The idea of wasting taxpayer resources on imprisoning somebody like that is stupid. Talk about waste and abuse.

As is the idea of branding them for life as a big criminal. Society in general is slowly coming around to the idea that if you take a mostly decent person and sentence them to unemployability from an early age, you’ve just manufactured a career criminal. Which is expensive both in terms of the societal costs they will create by their inevitable bad acts and in terms of the taxpayer money to deal with the results of those bad acts.

Times have changed. This is going to be an article 15 and an other-than-honorable discharge, I would think. I’d be very surprised if there was a court martial given the circumstances, so no dishonorable discharge or jail time is likely.

This is a young person who made a commitment, then refused to fulfill it. There are ways to get out of the military before your ETS date without taking the path this fellow did. He didn’t have a case of “oops, I smoked pot on leave on a whim,” he specifically decided to make it his method of leaving the service. He almost certainly won’t serve prison time for it, even though it’s a possibility.

He deserves a dishonorable discharge, and the headaches that it will cause him in later life perhaps will teach him that a lack of character isn’t without costs.

Reported for forum change.

Article 15 (WikiArticle here) … lose a stripe, lose half your pay for 6 months and General Discharge … no criminal conviction. It’s too late now, but usually the recommendation is to deny everything, no matter how obvious.

He deserves to be treated according military law and precedent, which, according to informed comments, is not the draconian consequences you would prefer. I doubt it will cause him any headaches, perhaps just a mild buzz once in a while.

This is a different matter from peeing hot once or smoking up on leave. Aren’t we forgetting that he had the pot on his person on the base? A civilian gets caught with pot on the base (federal crime) and he will be in deep trouble. But if you’re enlisted you simply get discharged? Is that what you’re saying?
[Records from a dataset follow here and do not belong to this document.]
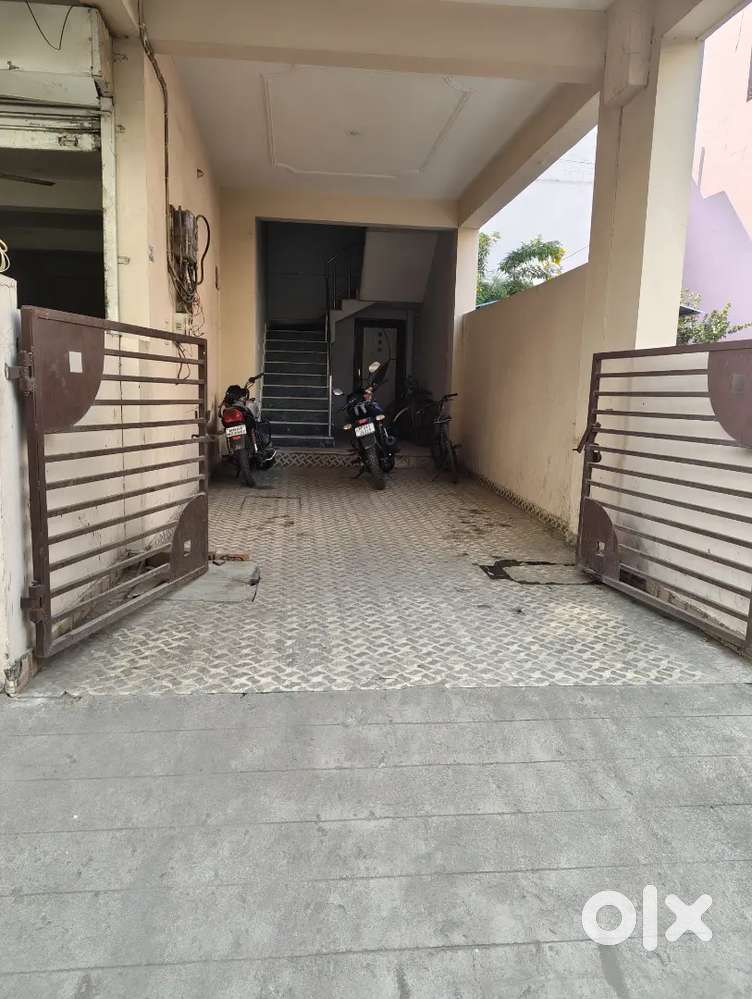 900 sqft hall for rent in trilanga colony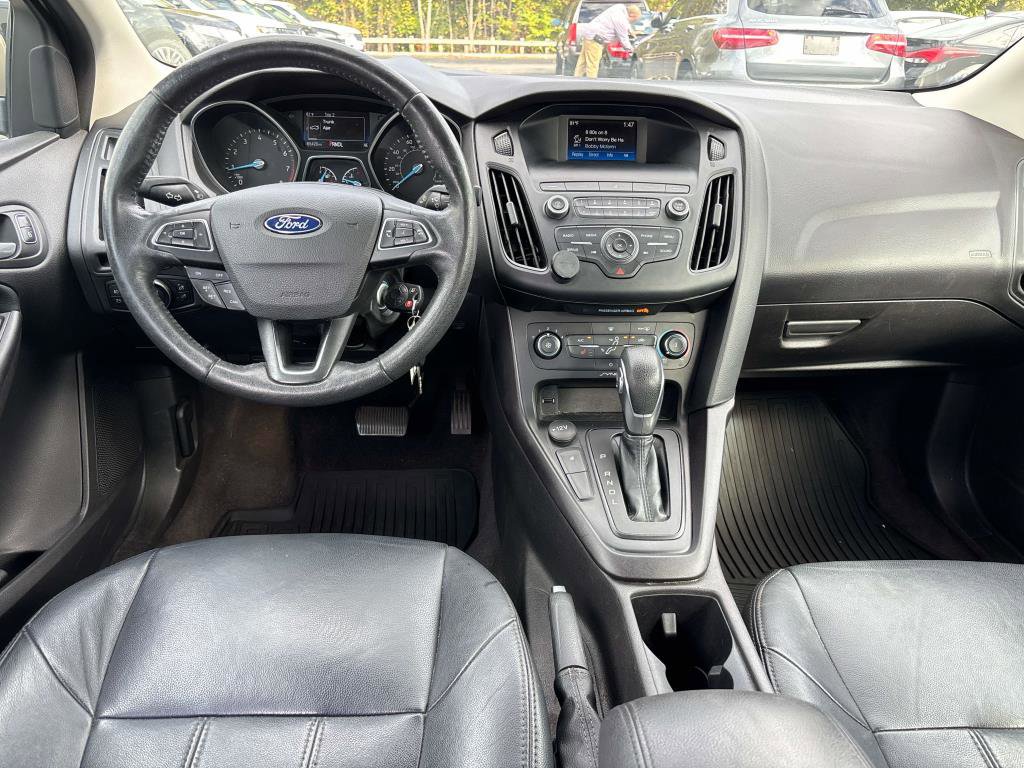 Used 2018 Ford Focus SE w/ SE Appearance Package image 9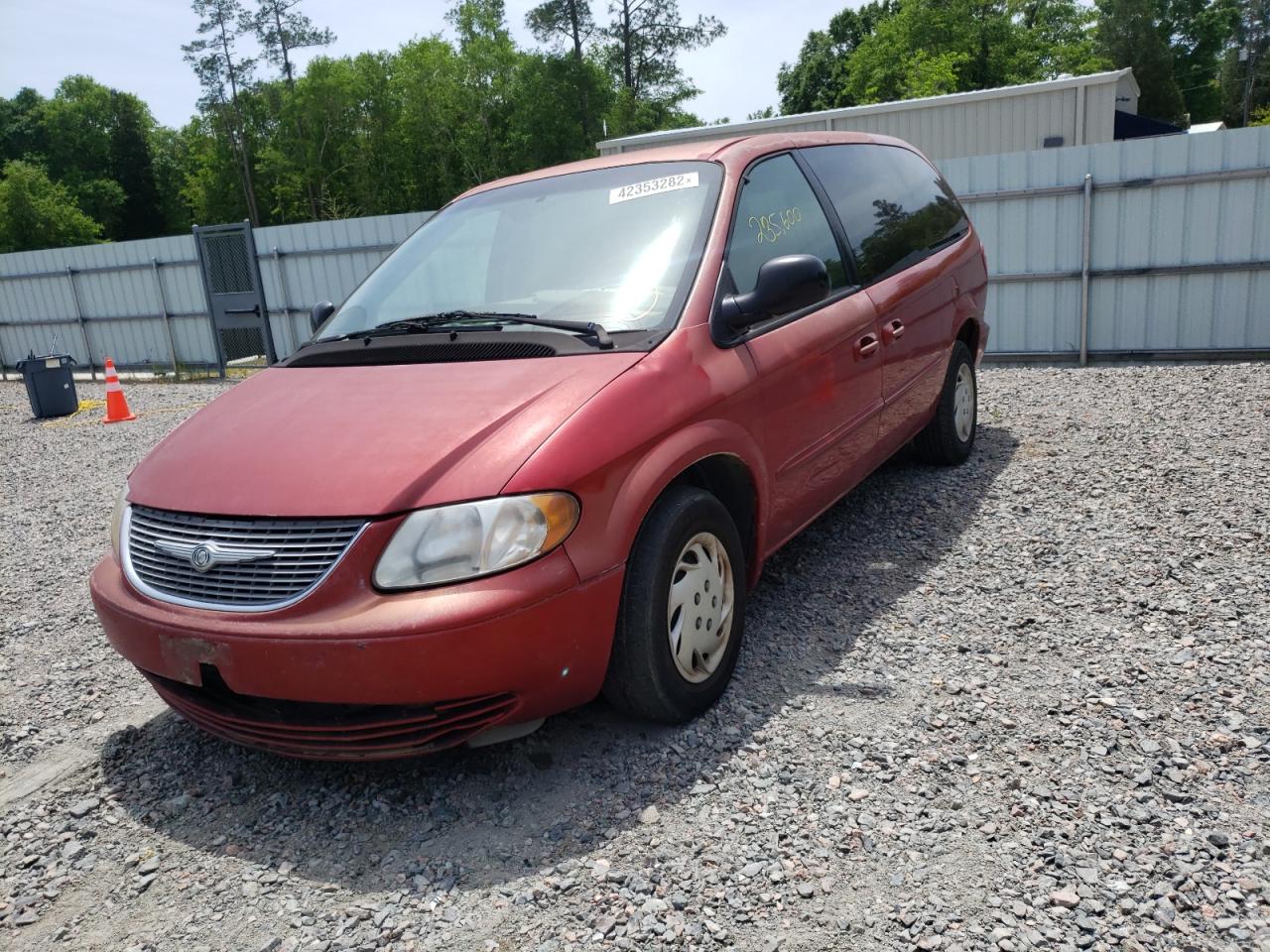 Photo 2 from auction – 2002 CHRYSLER TOWN & COU with VIN 2C4GP34382R558395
Nobody’s saying it’s “simply a discharge.” An article 15 will usually entail loss of rank and/or pay. Even a general discharge can be pretty bad for future federal/state employment prospects.
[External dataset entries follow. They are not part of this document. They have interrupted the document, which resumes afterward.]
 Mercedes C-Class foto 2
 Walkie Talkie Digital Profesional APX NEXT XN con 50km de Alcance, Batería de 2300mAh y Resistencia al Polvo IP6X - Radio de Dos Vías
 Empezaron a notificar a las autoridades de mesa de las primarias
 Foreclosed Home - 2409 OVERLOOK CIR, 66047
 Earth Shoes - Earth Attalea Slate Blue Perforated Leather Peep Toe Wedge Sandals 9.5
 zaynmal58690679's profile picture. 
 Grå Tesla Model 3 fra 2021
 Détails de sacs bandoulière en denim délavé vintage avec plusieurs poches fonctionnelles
I can’t imagine a civilian getting jail time for a first-offense possession charge. It’s a misdemeanor, I’d expect a hefty fine and that’s about it. If you consider that “deep trouble,” then our airmen here is already looking at “deep trouble” even without the prospect of an expensive court martial.

How will it teach him a lesson? I mean, what’s the exact lesson you expect him to learn? Because I doubt sentencing him to lifelong unemployment is going to teach him anything.

Moderator Warning

SigMan, insults are not permitted outside the BBQ Pit. This is an official warning. Do not do this again.

Colibri
General Questions Moderator

If that is what military law and precedent prescribes, then yes. If you have information that indicates military law and precedent prescribes more severe prosecution and punishment, I am open to having my ignorance fought.

While this thread would be best suited to IMHO, if the OP already has the advice he needs there would seem to be little point in moving it. I’m closing this.

Should the OP want additional advice he may open a new thread in IMHO.